Nuovo giro di vite per il video sharing in Cina

Determinato a controllare capillarmente il Web, il governo di Pechino ha intimato a 25 portali di video sharing di sospendere le attività. Decine e decine di siti sono stati compresi in una blacklist con un richiamo formale: rischiano la chiusura
Determinato a controllare capillarmente il Web, il governo di Pechino ha intimato a 25 portali di video sharing di sospendere le attività. Decine e decine di siti sono stati compresi in una blacklist con un richiamo formale: rischiano la chiusura

A pochi giorni dalla decisione di oscurare YouTube in Cina, non conosce sosta l’attività censoria del governo di Pechino. Nelle ultime ore gli organi nazionali deputati al controllo della Rete hanno intimato a 25 portali per la condivisione di file video di fermare completamente le loro attività. Molti altri avvisi sono stati recapitati a decine di siti web, con l’obiettivo di rendere più fitte e impenetrabili le maglie della censura politica.

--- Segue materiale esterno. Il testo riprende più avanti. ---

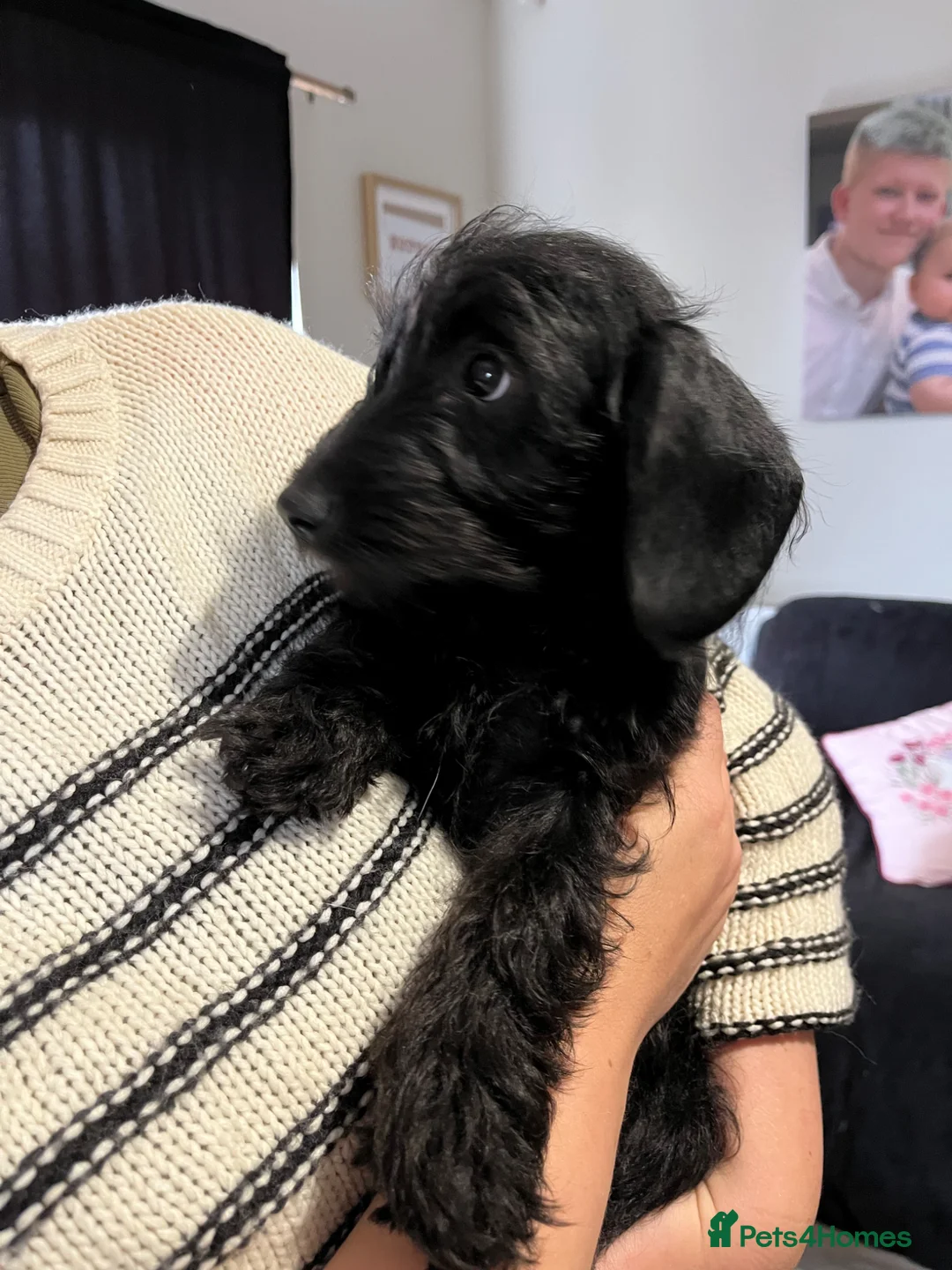 Doxiepoo dogs for sale: Doxiepoo Girl - Advert 2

Tra le principali vittime del nuovo giro di vite spicca Tudou.com, il portale che beneficia del supporto di IDG (International Data Group), l’organizzazione per la ricerca e le sviluppo di nuovi soluzioni per l’IT. Per poter continuare ad operare, il sito Web dovrà osservare scrupolosamente le nuove direttive di Pechino, che prevedono un freno ai contenuti di carattere pornografico e violento, ma soprattutto ai video a chiaro sfondo politico.

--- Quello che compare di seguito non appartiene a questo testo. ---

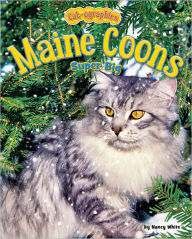 Title: Maine Coons: Super Big, Author: Nancy White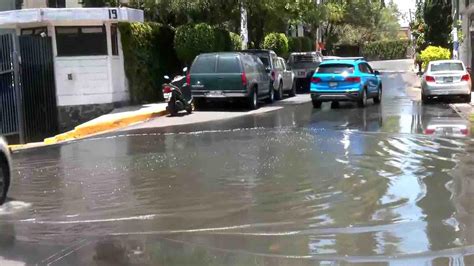 Vecinos De La Colonia Miguel Hidalgo En Tlalpan Denuncian Brote De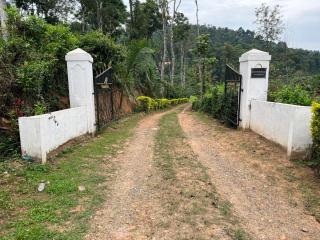 Northern valley - Madikeri - 2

Le nuove regole previste dal governo cinese potrebbero presto rivelarsi controproducenti per il crescente mercato del video sharing locale. L’immenso mercato della Cina ha attirato in questi ultimi anni numerosi investitori, alla ricerca di una valida alternativa "orientale" a YouTube. Ma i chiari di luna dovuti alla politica censoria di Pechino, nonché la difficoltà di immaginare e creare progetti nel settore per il lungo periodo, potrebbero spingere molti investitori ad abbandonare almeno momentaneamente il campo, con un grave danno per l’economia cinese.

«Ciò che sta accadendo potrebbe rendere nervosi i gruppi di investitori, almeno fino a quando la questione della blacklist non verrà chiarita» ha dichiarato Victor Koo, direttore esecutivo del portale Youku.com, uno dei siti maggiormente colpiti dalle decisioni del governo cinese. Attraverso il proprio sito istituzionale, l’esecutivo di Pechino ha diffuso una lunga lista nera con i primi avvisi preventivi per numerosi portali di video sharing nazionali. Dopo un richiamo scritto, il governo cinese procede generalmente alla sospensione forzata delle attività della società ammonita, salvo la compagnia non abbia provveduto a soddisfare le richieste delle istituzioni. Ammonizioni e richiami sono però gestiti in maniera estremamente eterogenea, tale da destabilizzare spesso le società, incapaci di interpretare sempre correttamente le direttive del governo.